Tras hacer una película que ingresa 700 millones de dólares, la mayoría de directores intentarían hacer otra que ingrese al menos 900. Pero el mexicano Alfonso Cuarón no es un director como la mayoría. Tras triunfar con Gravity (2013), él ha hecho Roma, un filme de 135 minutos, en blanco y negro, hablado en parte en español y en parte en lengua indígena y cuyo personaje principal es una criada tendente al silencio. También es una película absolutamente maravillosa.
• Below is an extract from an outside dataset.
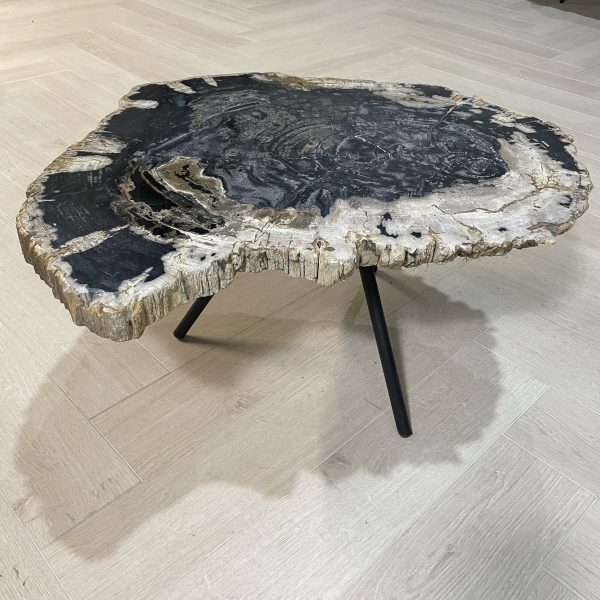 Couchtisch aus versteinertem Holz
Presentada ayer en el concurso de la Mostra, Roma retrata un año en la vida de una familia de clase media de Ciudad de México a principios de los 70, y lo hace no tanto para contar una historia con su principio y su final como para dejar que la cámara de Cuarón transite apacible por espacios, y modos de vida, y terremotos, y fiestas, y partos, y cacas de perro -muchas-. El resultado es un fresco de una sociedad y un tiempo de modestia apabullante, y que aun así derrocha serena épica y sutil emotividad.
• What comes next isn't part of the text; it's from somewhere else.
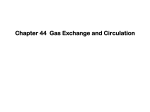 Chapter 44 Gas Exchange and Circulation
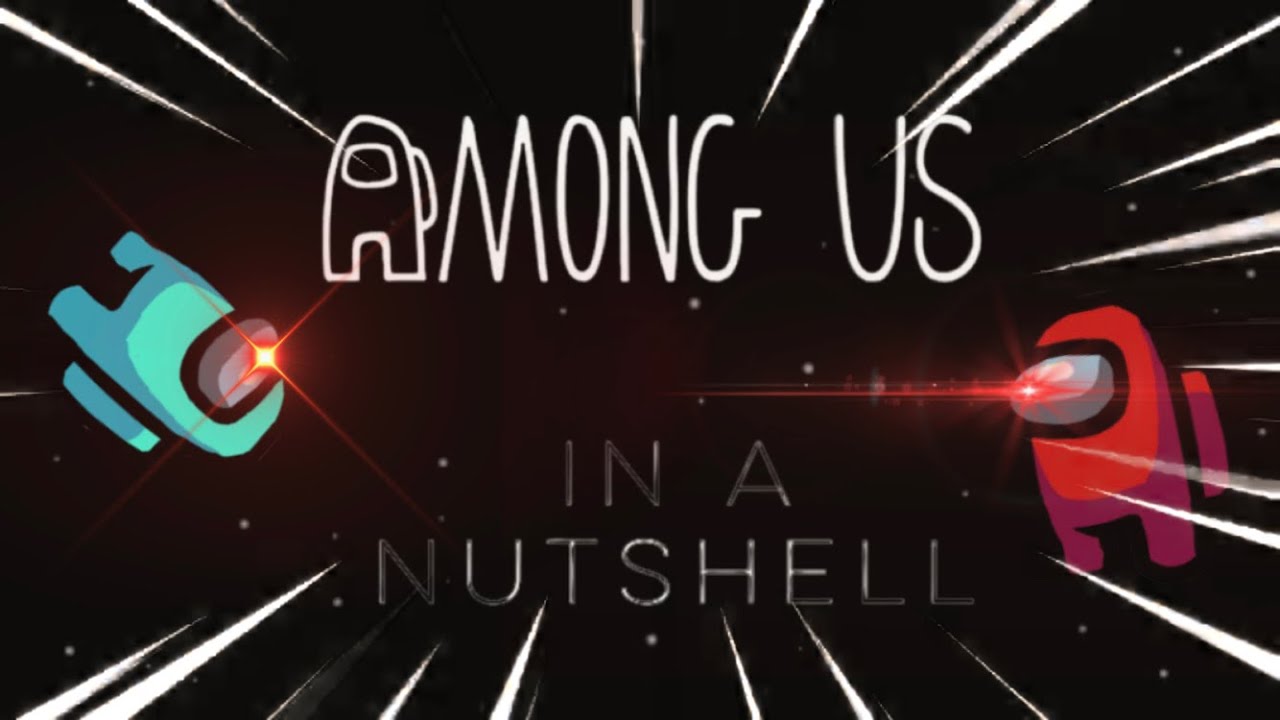 Among Us in a Nutshell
A pesar de todo ello, Cuarón llegó a la competición de Venecia de rebote, después de que él y su película fueran rechazados para participar en Cannes. La decisión, por supuesto, no tuvo que ver con criterios artísticos. Roma, recordemos, ha sido producida por Netflix. Hay quienes opinan que Netflix es el enemigo del cine, y que lo que sus responsables producen no son películas sino algo distinto, de menos valor. Cierto, Roma no es una película; es un peliculón. Y cuando todos esos necios la vean, perderán las ganas de volver a abrir la boca.